As one can see from this, $\deg c_g$ is the self-intersection number of $A$ on $\mathbb{P}^m$. As we mentioned earlier, the $A^k(\mathbb{P}^m)$ is generated by $k$-th dimensional linear subspace of $\mathbb{P}^m$, we have $A\sim dH$ for some $g$-dimensional linear subspace $H$ on $\mathbb{P}^m$. This yields $\deg A.A=d^2=\deg c_g$. This follows $d={2g+1\choose g}$.
Now, let $L$ be any line bundle on $A$, the Riemann-Roch theorem for abelian variety reads
$$\chi(A,L)=\frac{1}{g!}\deg c_1(L)^g$$
Take $L:=h$, we have $\deg c_1(L)^g=\deg h^g = d = {2g+1\choose g}$. And because the Euler characteristic is an integer, we have $g!\mid {2g+1\choose g}$. This can happen only if $g=1,2$. When $g=1$, it is an elliptic curve, embedded into $\mathbb{P}^2$, and of degree 3. If $g=2$, we have $d=10$, and it is an abelian surface of degree 10, embedded into $\mathbb{P}^4$. Such an abelian surface exists, due to the result of Mumford.

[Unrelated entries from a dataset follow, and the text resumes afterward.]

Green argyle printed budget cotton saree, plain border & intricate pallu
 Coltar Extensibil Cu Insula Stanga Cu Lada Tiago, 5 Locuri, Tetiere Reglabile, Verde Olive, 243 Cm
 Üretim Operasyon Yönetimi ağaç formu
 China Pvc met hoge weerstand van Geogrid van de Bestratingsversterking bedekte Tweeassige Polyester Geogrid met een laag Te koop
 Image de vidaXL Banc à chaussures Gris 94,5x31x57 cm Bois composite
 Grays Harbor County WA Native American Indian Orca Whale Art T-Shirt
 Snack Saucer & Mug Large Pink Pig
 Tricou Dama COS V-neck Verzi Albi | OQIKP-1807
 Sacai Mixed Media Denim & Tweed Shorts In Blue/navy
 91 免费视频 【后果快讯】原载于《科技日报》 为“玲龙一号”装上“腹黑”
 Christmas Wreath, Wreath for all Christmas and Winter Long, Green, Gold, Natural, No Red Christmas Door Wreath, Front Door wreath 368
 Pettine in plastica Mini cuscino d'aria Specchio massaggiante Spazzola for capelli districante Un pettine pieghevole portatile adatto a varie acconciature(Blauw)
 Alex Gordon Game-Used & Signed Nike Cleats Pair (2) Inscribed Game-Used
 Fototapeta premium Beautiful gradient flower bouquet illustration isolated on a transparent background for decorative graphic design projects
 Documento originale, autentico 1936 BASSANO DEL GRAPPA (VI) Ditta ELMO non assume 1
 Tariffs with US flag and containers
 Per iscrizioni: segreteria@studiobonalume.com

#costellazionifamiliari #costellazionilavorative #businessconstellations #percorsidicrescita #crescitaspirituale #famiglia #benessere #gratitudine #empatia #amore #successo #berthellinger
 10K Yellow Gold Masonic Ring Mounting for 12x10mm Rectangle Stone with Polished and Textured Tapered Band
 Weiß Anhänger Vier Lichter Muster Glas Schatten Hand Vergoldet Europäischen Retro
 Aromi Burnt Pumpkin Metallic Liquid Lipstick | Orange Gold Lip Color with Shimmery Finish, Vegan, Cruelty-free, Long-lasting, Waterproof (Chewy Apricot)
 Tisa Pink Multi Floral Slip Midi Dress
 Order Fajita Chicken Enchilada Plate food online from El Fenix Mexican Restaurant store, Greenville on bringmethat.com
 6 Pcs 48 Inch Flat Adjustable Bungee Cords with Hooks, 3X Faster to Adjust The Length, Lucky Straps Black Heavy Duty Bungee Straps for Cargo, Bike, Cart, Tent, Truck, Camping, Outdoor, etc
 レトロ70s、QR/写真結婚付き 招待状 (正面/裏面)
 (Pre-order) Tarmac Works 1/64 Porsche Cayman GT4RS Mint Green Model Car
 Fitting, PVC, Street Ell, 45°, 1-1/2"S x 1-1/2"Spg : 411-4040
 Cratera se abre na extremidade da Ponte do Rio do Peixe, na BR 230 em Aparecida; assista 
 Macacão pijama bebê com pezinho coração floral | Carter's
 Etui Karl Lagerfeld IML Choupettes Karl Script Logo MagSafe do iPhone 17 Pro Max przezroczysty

Remark 46. It also follows from the Riemann-Roch's theorem that $\chi(A)=0$.
3. HRR for smooth surfaces in $\mathbb{P}^4$.
We will first visit HRR for smooth surfaces $X$. The tangent bundle of $X$ is of rank 2, with Chern characters $c_1(T_X), c_2(T_X)$. We have $c_1(T_X)=-c_1(\Omega_X)$, where $\Omega_X$ is the cotangent bundle of $X$. It is also of rank $2$. Recall that if $E$ is a vector bundle on $X$ of rank $n$, with Chern roots $\alpha_i$, then $\bigwedge^r E$ has Chern roots $\sum_{1\le i_1<...<i_r\le n}\alpha_{i_1}+...+\alpha_{i_r}$. From this, one can see $c_1(\Omega_X)=c_1(\bigwedge^2\Omega_X)=K$, where $K$ is the canonical bundle of $X$. This yields $c_1(T_X)=-K$. We can compute $c_2$ via the genus of $X$. The HRR for smooth surfaces reads
$$\chi(X)= \frac{1}{12}(K^2+c_2(T_X))$$
This yields $c_2(T_X)=12\chi(X)- K^2$. Now, if $X$ can be embedded into $\mathbb{P}^4$, we have by Theorem 45, the adjunction sequence yields
$$c_t(T_X)c_t(N)=(1+ht)^5=1+5ht+10h^2t^2+...$$
We know that $c_t(T_X)=1-Kt+c_2(T_X)t^2$ and $c_t(N)=1+c_1(N)+c_2(N)$. Equating both sides of the last identity, we get
$$c_1(N)=5h+K$, c_2(N)-Kc_1(N)+c_2(T_X)=10h^2$$
We know from Theorem 45 that $\deg c_2(N)=d^2$, $\deg h^2=d$, $c_2(T_X)=12\chi(X)-K^2$. So, taking the degree of the 2-nd graded part, we have
$$d^2 - 10d + 5hK - 2K^2 + 12\chi(X)=0$$
Now, for an abelian surface that can be embedded into $\mathbb{P}^4$, because the canonical sheaf is just trivial, and $\chi(X)=0$, by Remark 46, we have $d^2-10d=0$. This yields $d=10$. And we obtain a part of our result in the previous section.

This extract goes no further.